The new leaves behind the old. The construction of new highways implies faster travel, but it will no longer be voyage, but just going from… to… The numerous towns that used to survive due to the passage of travelers, little by little will witness the collapse of their fragile economies, small business will close their doors, restaurants, dining rooms, small convenience stores, tire and mechanic workshops; the social dynamic as well as the traditions will change, the inhabitants will lose their live hood way and that shall result in an increase of the migration flow to the United States, especially from people from Oaxaca, state that occupies the third place in migration after Chiapas and Tabasco.
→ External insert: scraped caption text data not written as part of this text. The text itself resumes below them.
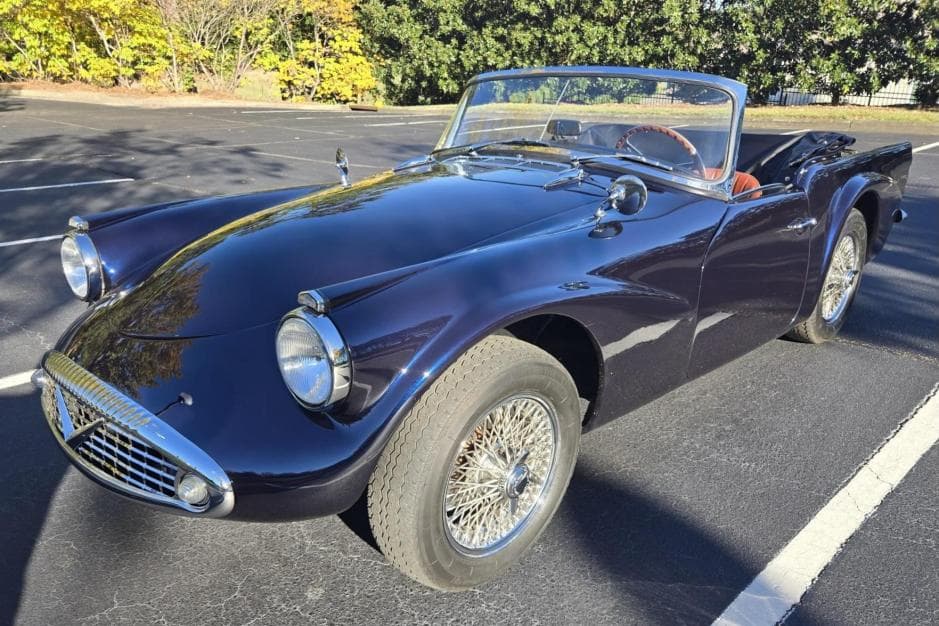 1960 Daimler SP250 sold for $48,250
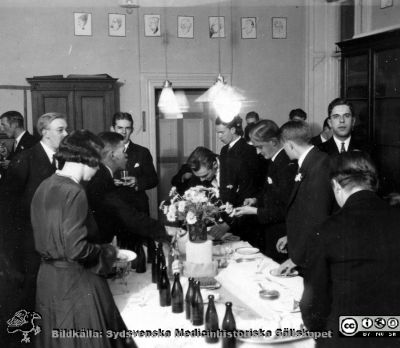 Fotoalbum tillägnat professor Torsten Hellman från histologikursen HT 1930
Fotoalbum  "TILL PROFESSOR TORSTEN HELLMAN MED TACK FRÅN DELTAGARNA I HISTOLOGIKURSEN HÖSTTERMINEN 1930".  Bildtext "EPILOG. Sällan bjöds på sådan spis på labbis,  Foto troligen i anatomiska institutionens amanuensvåning. 
Bildkälla stiftelsen Locus Medicus Lundensis och Sydsvenska Medicinhistoriska Sällskapet / SMHS. Fotograf okänd.
Nyckelord: Histologiska avdelningen;Anatomiska Institutionen;Medicinska fakulteten i Lund;Sydsvenska Medicinhistoriska Sällskapet;SMHS;Locus Medicus Lundensis;Elever;Avslutningsfest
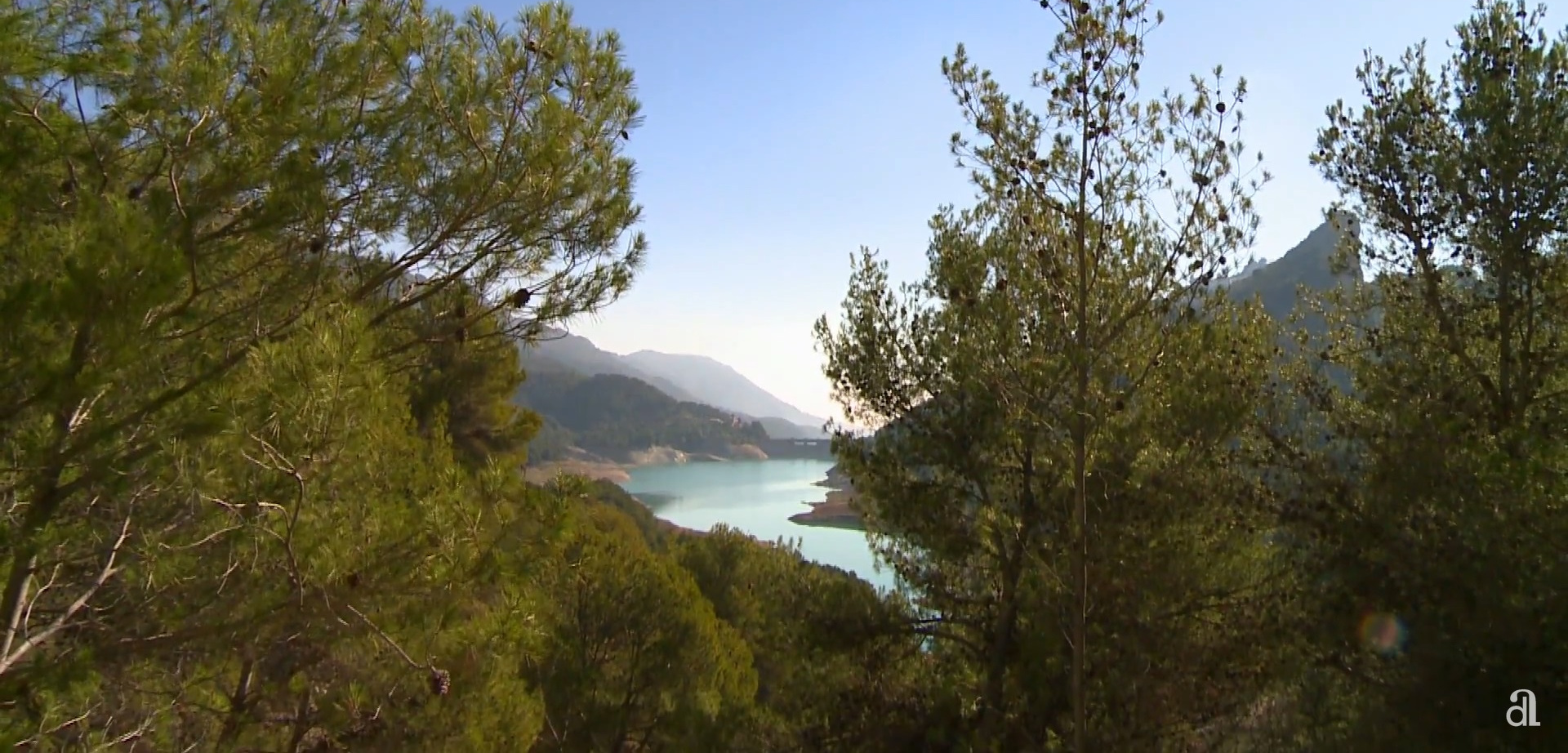 Beniardà embalse Guadalest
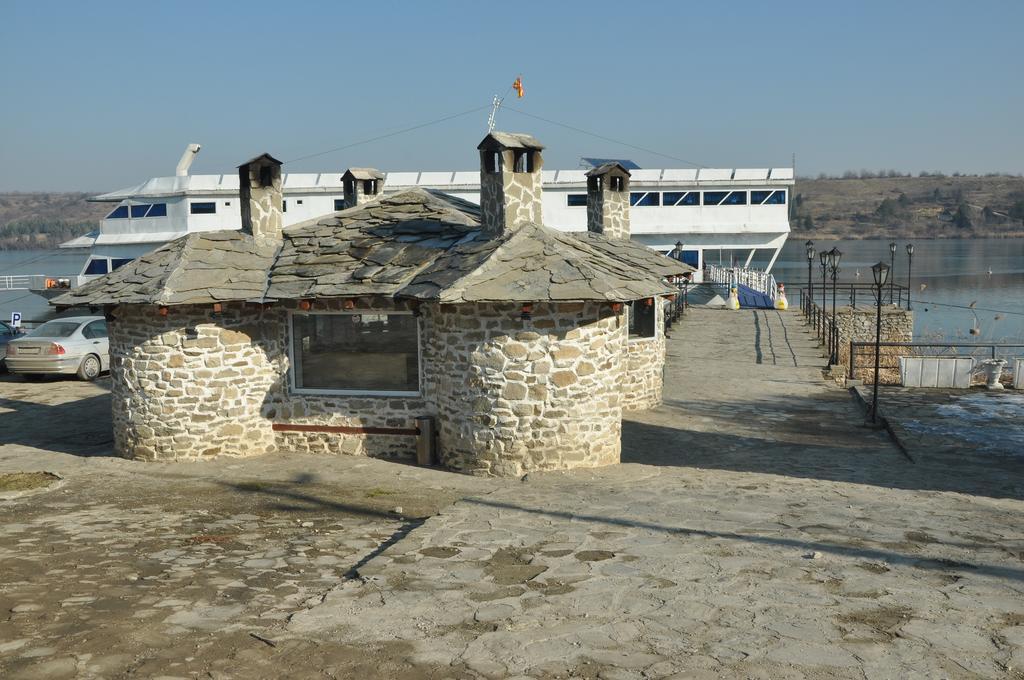 Hotel Brod Panini Veles Dış mekan fotoğraf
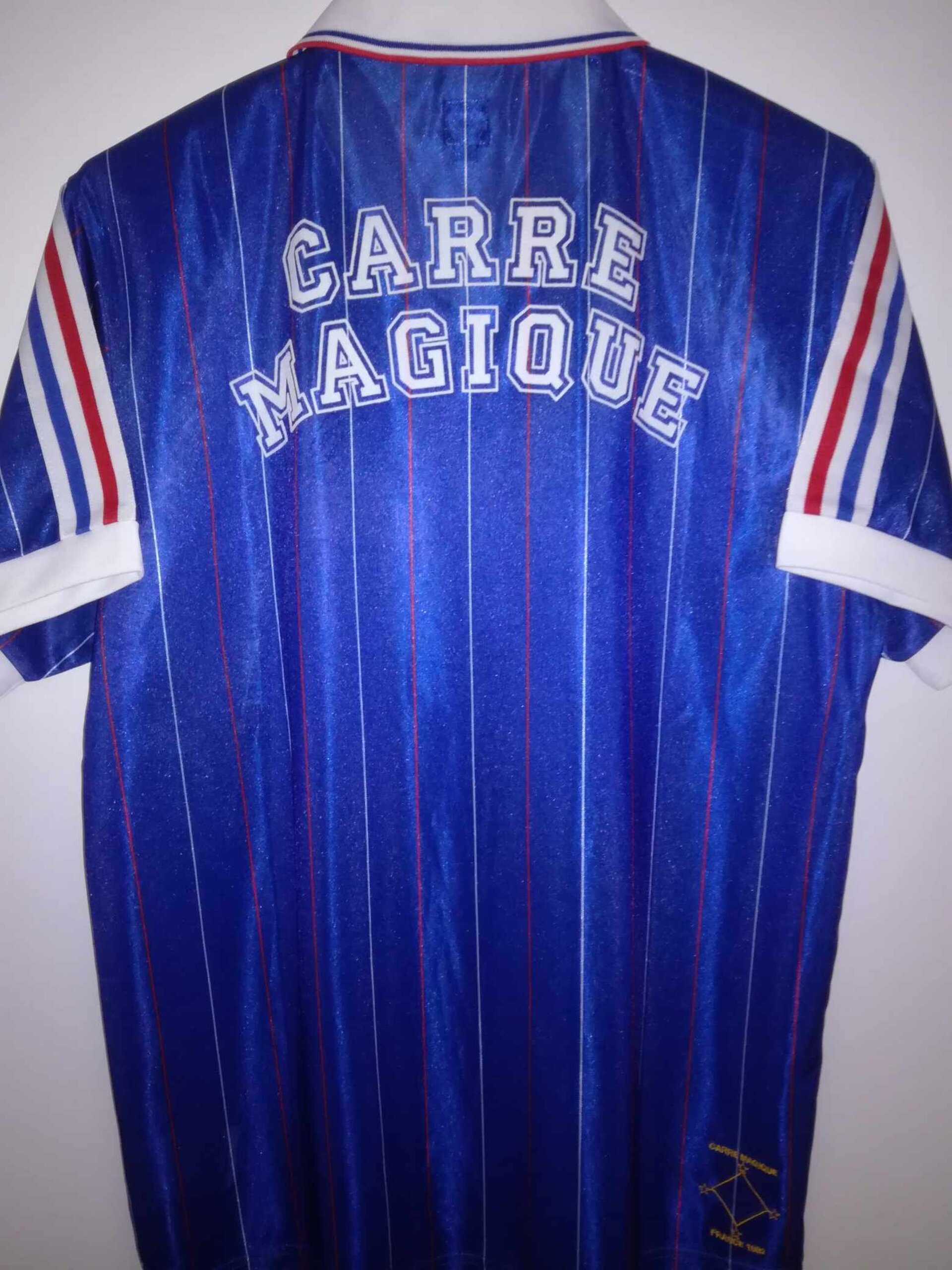 FRANCE Adidas Originals Carre Magique M - 8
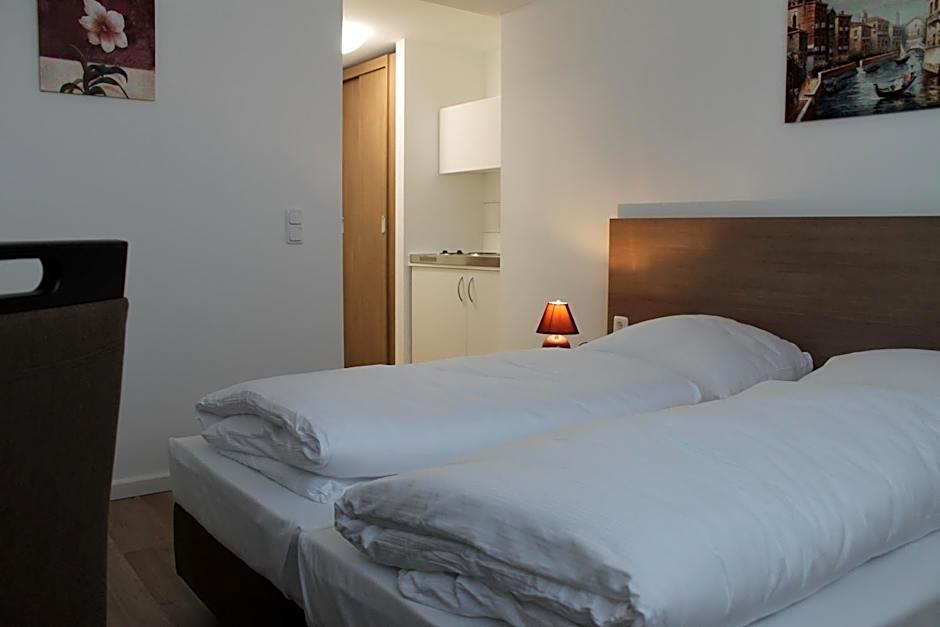 Apartment Hotel am Sand 24H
There are previous records of this dynamic in Oaxaca. Back in 1993, as the highway Oaxaca-Cuacnopalan opened -which decreased travel times from 10 hours to 6 Mexico City-Oaxaca- both tourists, carriers, shippers and in general all the people, quit using the old 190 Pan-American highway and preferred the new faster highway. As a consequence, many small businesses located along the old Route 190, closed their doors, especially in the area of La Mixteca and their inhabitants migrated to the northern states of Mexico or to the US, reinforcing the migration trend of the zone.
The same tendency is expected to happen for the towns located along the routes Oaxaca-Tehuantepec and Oaxaca-Pochutla with the opening of both highways in the years to come.
Through this project special attention is being given to the economic and social reality of the villages located along these two routes: Oaxaca-Pochutla and Oaxaca-Tehuantepec. Specifically, I provide the photographic documentation for the 175 Route Oaxaca-Pochutla, since the opening of the new highway is forseen to be in less than two years now, and it’s likely that the towns along the route, shall vanish from the map and their inhabitants will have to migrate to bigger towns in Oaxaca, to other states in Mexico or even to the US, as an escape valve to solve their precarious conditions, nevertheless the inherent suffering.
The scope of the present Project is to document visually the current situation of these towns, to provoke a debate among different government entities as well as among the society through conferences in order to try to offer a different chance to this people.
Five years after the opening of the new highway, I shall return to the old route’s towns to witness the new reality of them.